Ionogels hold great promise for the fabrication of advanced flexible electronic devices owing to their outstanding high conductivity, wide operating temperature and electrochemical stability. However, ionogels prepared by traditional strategies commonly suffer from a conflict between toughness and low hysteresis, limiting their application. Here, a facile and efficient strategy is proposed to fabricate highly stretchable, tough and low-hysteresis ionogels that feature inorganic-organic elastic microspheres of SiO2/PnBA serving as a chemical cross-linker. When subjected to stretching, SiO2/PnBA particles enable the transmission of tension through deformation with low energy dissipation, then they rapidly recover their structure after release of the stress.

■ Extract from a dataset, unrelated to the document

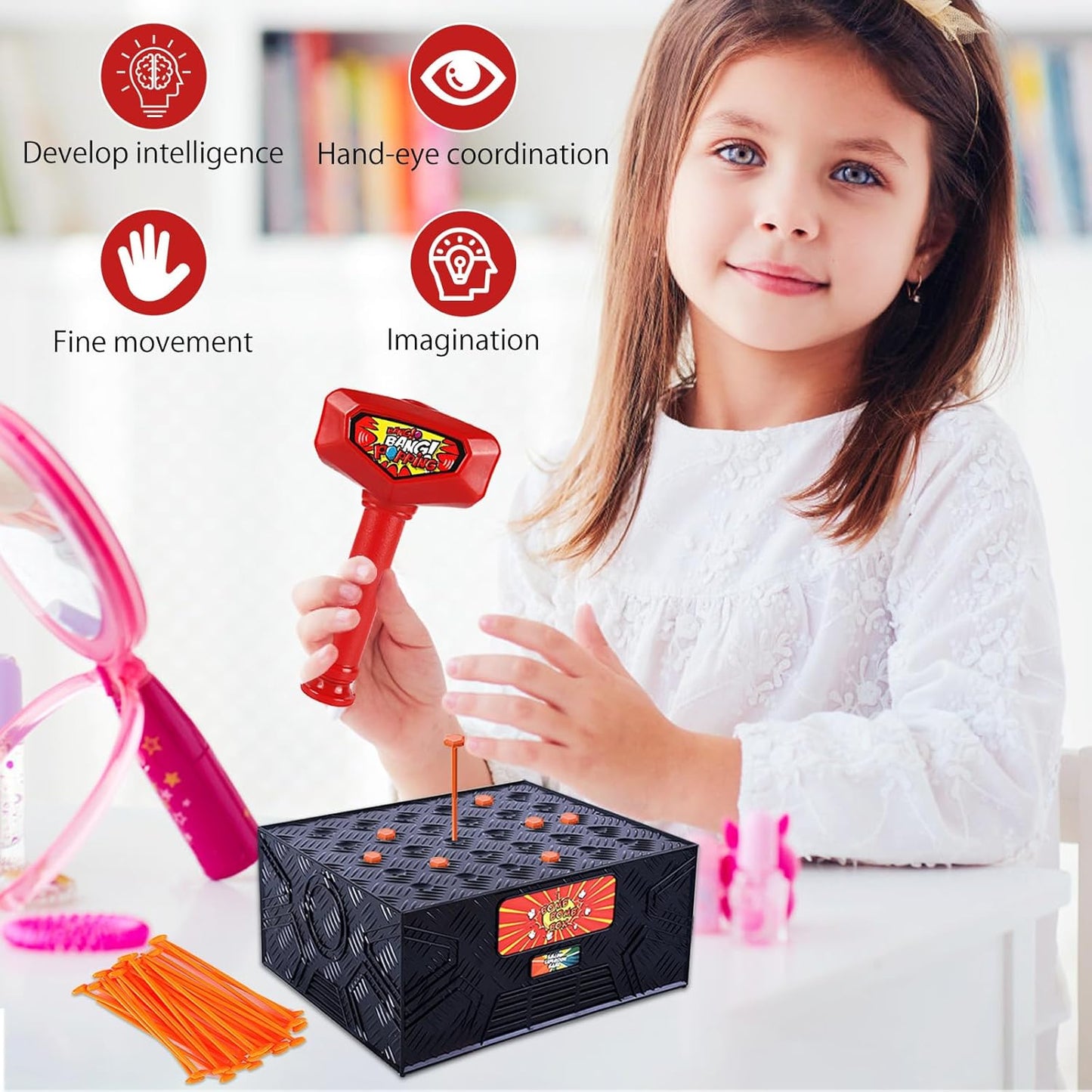 CHOWONE Balloon Game Fun Board Game for Kids and Adults 60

Due to the elaborately designed network structure, highly stretchable and tough ionogels with low hysteresis are achieved. Furthermore, these materials exhibit unique notch insensitivity as the stress concentration at the crack tip can be effectively alleviated. When exploited as a strain sensor, they exhibit superior sensitivity over a wide range of strain (1%-500%). This work proposes a strategy for replacing chemical/physical cross-linking with flexible and deformable micro-domains to fabricate high-performance ionogels with combined high stretchability, toughness, low hysteresis and notch insensitivity.